Return the line containing "Mystery Bounty –" together with every later line up to the end of the records, exactly and with no pictures; return nothing else.

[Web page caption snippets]
◆ ◆ ◆ ◆ ◆ ◆ ◆

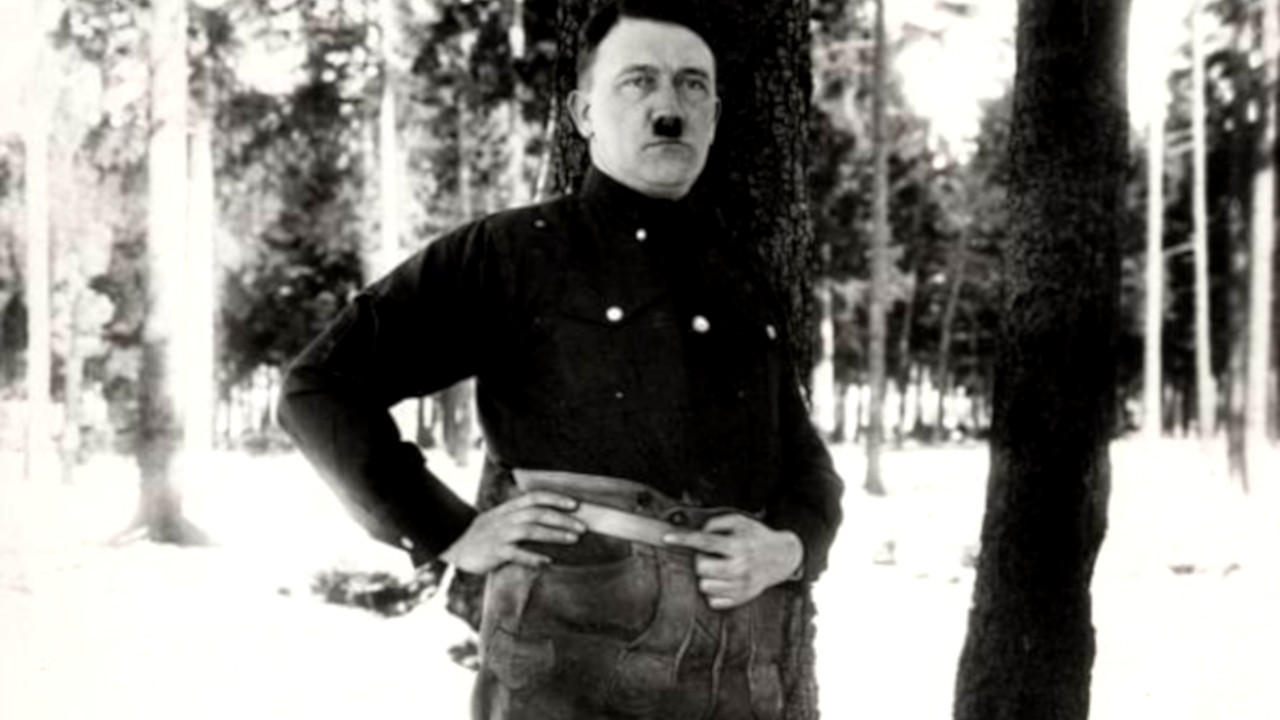 O plano insano de Hitler: Reviver animais primitivos da Alemanha e caçá-los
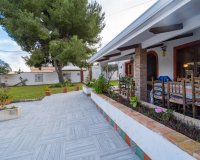 Вторичное жилье - Вилла - Lomas de Cabo Roig - Ломас де Кабо Роиг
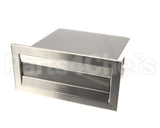 HD DSP1701 Randell Dispenser, Bobrick #B-526 Towel Dispense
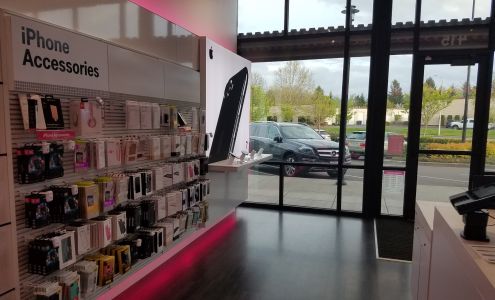 T-Mobile Authorized Retailer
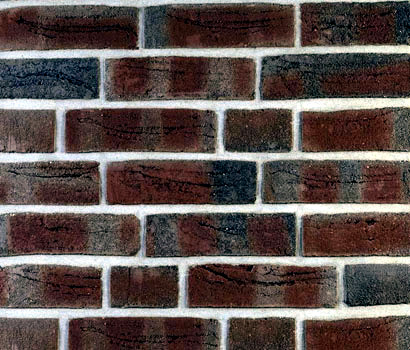 Clinker gallery - house construction & details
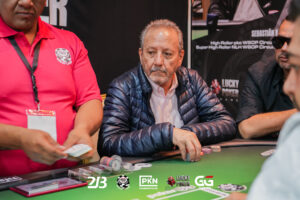Mystery Bounty – Día 1A – 1B – WSOP Circuit Panamá 2026 – foto 19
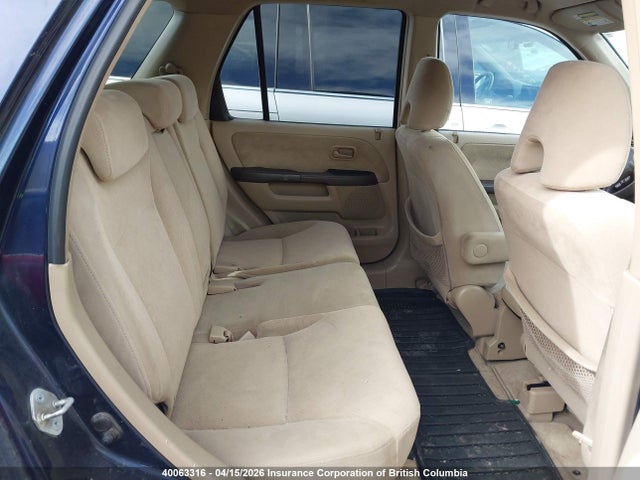 Aukcja sprzedaży 2006 Honda Cr-v, vin: JHLRD78856C816033, numer aukcji: 40063316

◆ ◆ ◆ ◆ ◆ ◆ ◆

_Output for this exercise_:
Mystery Bounty – Día 1A – 1B – WSOP Circuit Panamá 2026 – foto 19
 Aukcja sprzedaży 2006 Honda Cr-v, vin: JHLRD78856C816033, numer aukcji: 40063316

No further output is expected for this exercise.